BANGA SOUP

ng-banga-soup

REQUIREMENTS

- 1Kg assorted parts of meat (shaki, cow leg/foot, kpomo, beef)
- 1 medium size stockfish head
- Bush meat
- 1 big dry fish
- 6 medium size snails (washed with lime or alum)
- 2-3kg Oil palm nuts (banga)
- 1 Cooking spoon ground crayfish
- 3 teaspoon dry pepper
- ½ teaspoon Atariko seed (ground)
- ½ teaspoon Beletete (crushed)
- 1 tablespoon Dried bitter leaves(crushed)
- Okro (optional)
- 1 milk tin periwinkles (shelled)
- Salt
- 2 cubes seasoning of choice



What you do
Wash the already cut cow leg, season and cook until tender. Pour out the stock(cow leg stock are thick and sticky and can spoil the texture of your soup when added to your soup).

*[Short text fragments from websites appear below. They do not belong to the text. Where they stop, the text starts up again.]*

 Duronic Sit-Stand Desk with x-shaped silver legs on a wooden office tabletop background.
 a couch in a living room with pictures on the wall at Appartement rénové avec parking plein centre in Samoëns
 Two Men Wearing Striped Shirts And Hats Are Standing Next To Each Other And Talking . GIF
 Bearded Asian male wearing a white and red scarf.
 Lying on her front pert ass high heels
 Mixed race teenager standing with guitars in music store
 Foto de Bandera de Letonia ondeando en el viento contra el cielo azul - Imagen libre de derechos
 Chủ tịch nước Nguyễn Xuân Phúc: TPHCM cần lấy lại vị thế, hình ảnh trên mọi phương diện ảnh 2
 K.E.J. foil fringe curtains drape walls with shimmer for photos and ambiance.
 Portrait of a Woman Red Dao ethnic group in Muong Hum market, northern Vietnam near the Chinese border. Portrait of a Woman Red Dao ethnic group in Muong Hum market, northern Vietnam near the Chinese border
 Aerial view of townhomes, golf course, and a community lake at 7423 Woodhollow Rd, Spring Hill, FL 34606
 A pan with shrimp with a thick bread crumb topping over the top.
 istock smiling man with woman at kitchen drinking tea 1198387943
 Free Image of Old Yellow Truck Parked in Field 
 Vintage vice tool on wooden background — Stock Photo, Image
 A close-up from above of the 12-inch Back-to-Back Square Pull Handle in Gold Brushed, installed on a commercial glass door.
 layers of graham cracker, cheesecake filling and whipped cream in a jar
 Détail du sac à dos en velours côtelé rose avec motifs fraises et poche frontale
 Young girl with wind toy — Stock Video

If using bush meat, wash with salt, cut into bits and rinse with hot water (this will help remove sand inside the meat). Cook all meat parts together and set aside.

Wash dry fish with salt and soak in hot water to remove sand. Wash snail with alum and set aside. Put stockfish in a pot, add water and cook until tender.

Put the oil palm nuts/fruits in a pot, add water and cook until tender. When done take out the palm fruits while still very hot (it is easier to extract the concentrate when nut is very hot) put in a mortar and pound until the nuts is separated from the shafts/skin. Gather everything in a bowl or pot add water, mix thoroughly and strain into a clean pot. Place pot on the burner and allow to boil. Heat up the extracted banga concentrate until it starts to thicken.

Add the sorted meat, snail, periwinkle, dry fish and stockfish, atariko to the banga concentrate and cook for about 20minutes or until the soup thickens. Add the dry bitter leaves and beletete, cook for 2 minutes, add crayfish, salt, cubed seasoning and allow to simmer.

Remove from heat and serve with fufu, eba or cooked starch.